Sunday, August 12, 2018

Book Review: 'Trainwreck: The Women We Love to Hate, Mock, and Fear...and Why' by Sady Doyle

"Trainwrecks are myths, yes. They are our monsters: cultural monsters, who embody the tensions of our moment or our expectations of women, and deeply personal monsters, who embody the parts of ourselves we are most afraid of. But there is another thing to note about all this: we are all, each and every one of us, our own worst monsters. And we all yearn, despite this fact, to be loved."

I really, really enjoyed reading this book. Trainwreck takes a look at how our society and culture spends an outrageous amount of time calling women "crazy" or "unhinged" just for expressing human emotions, even at the expense of their own popularity or, worse, their careers. The author creates a compelling feminist argument throughout the entire book that stands up no matter where she draws your attention: famous men can be violent alcoholics, abuse their loved ones, or suffer from multitudes of mental illness and the impact of their work can still draws more focus than their personal life, but women who experience even the slightest of personal struggles are publicly remembered better for being a trainwreck than for being a gifted singer, actress, artist, etc. Thus, the double standard. Society has spent most of history demonizing and mocking women in ways men will rarely experience. Sady Doyle also does an excellent job of literally proving that the trainwreck phenomenon has been around for as long as women have existed, and traces and relates historical female figures like Mary Wollstonecraft, Charlotte Bronte, and Billie Holiday to "problematic" female stars better known in our contemporary conscious, such as Britney Spears, Amy Winehouse, Whitney Houston, Paris Hilton, and Miley Cyrus. Doyle also shows that, for as long as women have existed, they have been pushing the boundaries of what it means to behave, and it's amusing that quite literally nothing has changed in our current popular culture.
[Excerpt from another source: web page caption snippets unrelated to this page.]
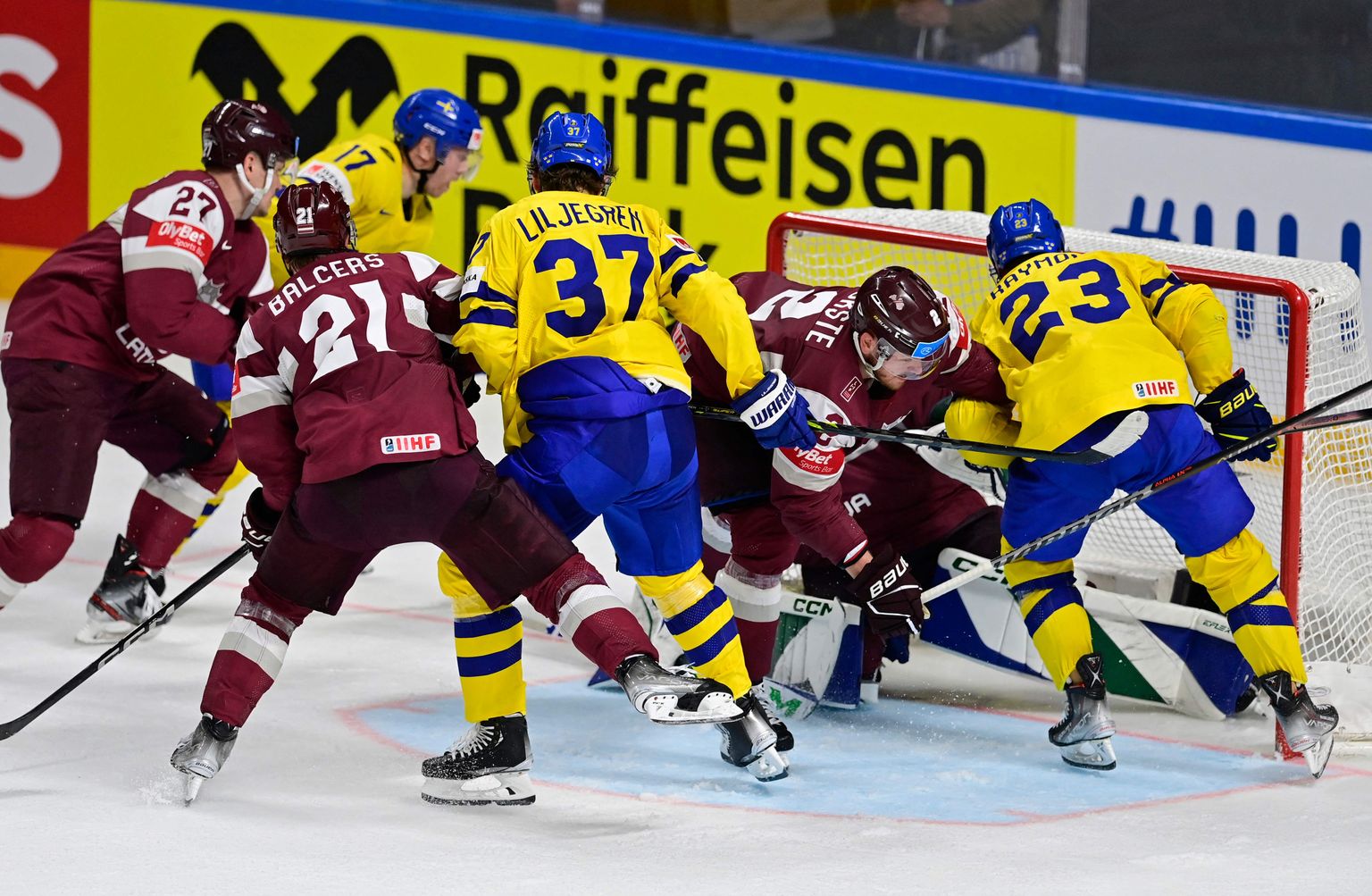 Läti alistas MMi veerandfinaalis 3:1 Rootsi.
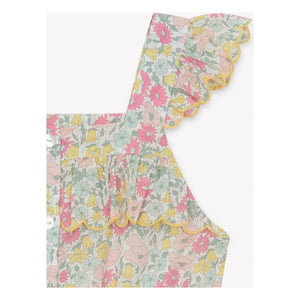 Tartine et Chocolat - Feston Liberty Romper | Yellow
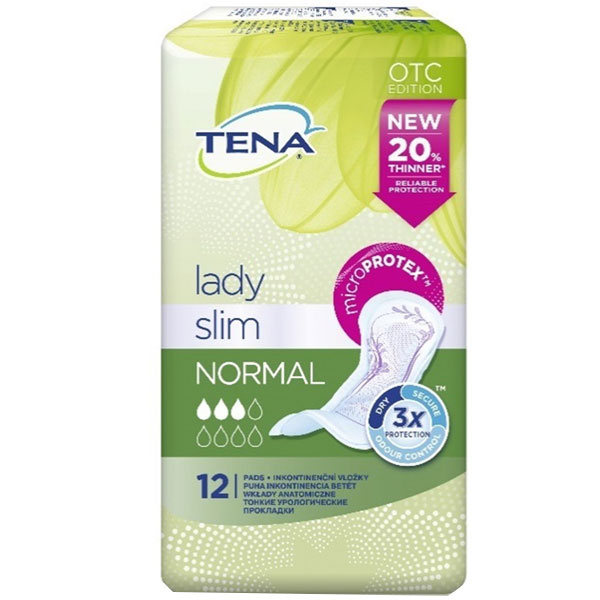 Tena Lady Slim Normal женские прокладки для мочевого пузыря 12 li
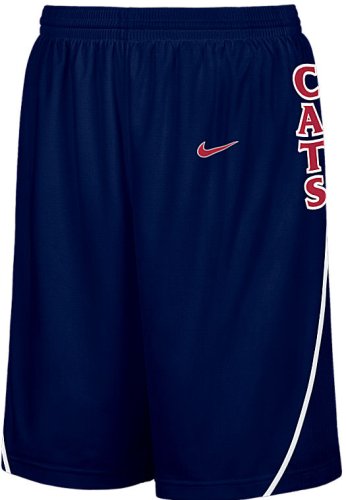 Arizona Wildcats New Blue NCAA Screen Printed Replica Basketball Shorts By Nike Team Sports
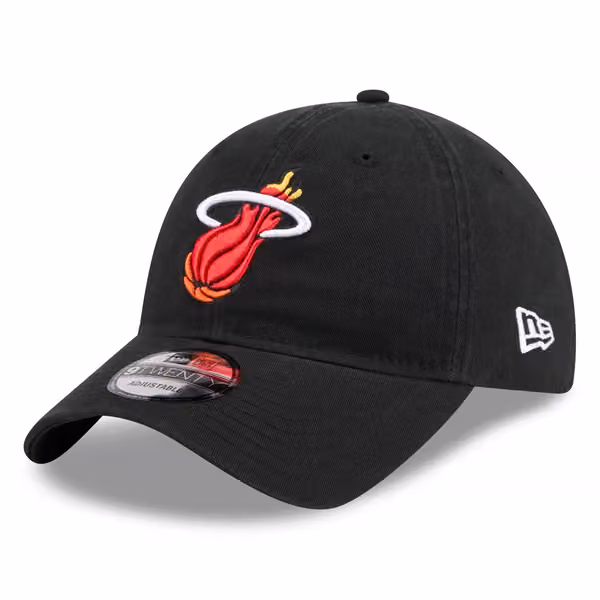 Miami Heat Hardwood Classics 9TWENTY Adjustable Cap Black product photo
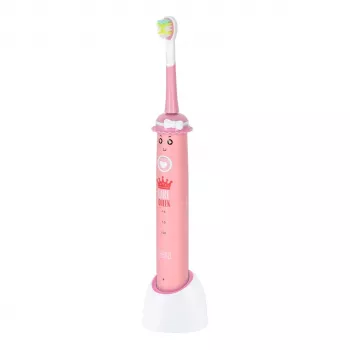 Teesa Sonic Junior Girl vaikiškas soninis dantų šepetėlis TSA8006 rožinis/baltas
I thought Trainwreck was a really interesting reading experience not only because I'm interested in feminist issues and how history has treated women, but also because it presents a relatable and relevant topic question in relation to our current society and culture: why are there women that we "love to hate" and not men? Why do we hate that girl's music without even listening to it? Why do we hate that girl just based on how she acts in interviews? What I take from Trainwreck is that the answer to all of these questions is quite simple: misogyny. Even the most liberal and feminist of people have famous female figures that they dislike and that's valid, but on a deeper level, they dislike them for reasons that a misogynist society and culture instills in them. You hate Miley Cyrus because she has acted like a prostitute in public, says outrageously stupid things in interviews for attention, and invented an inappropriate dance move that has become quite endearing in the pop culture of today. And all of that is valid, to a certain extent. On a deeper level, what did you expect her to do? From the time she was a child (or underage teenager, in other words), the media has harassed her about showing her sexuality and basically instilled that it was the most interesting thing about her, so the only logical solution, it would seem, would be to give them what they want and be what they say she is. "For every theft of naked photos, she gets aggressively more naked; for every complaint about her bad behavior, she gets more ill-behaved […] [It’s] not so much an attempt to ‘provoke’ our outrage, but the only logical response to the outrage that has always surrounded her […] A victim turns into a perpetrator; a naked body that people were willing to commit theft to see becomes unsightly and shameful the moment it’s exposed consensually. Sexually pure or sexual predator, uncorrupted virgin or corrupting whore, godly or Godzilla: these are the options. Thus trainwrecks are made." If the only options in the misogynistic media are incredibly limiting, what is one to do?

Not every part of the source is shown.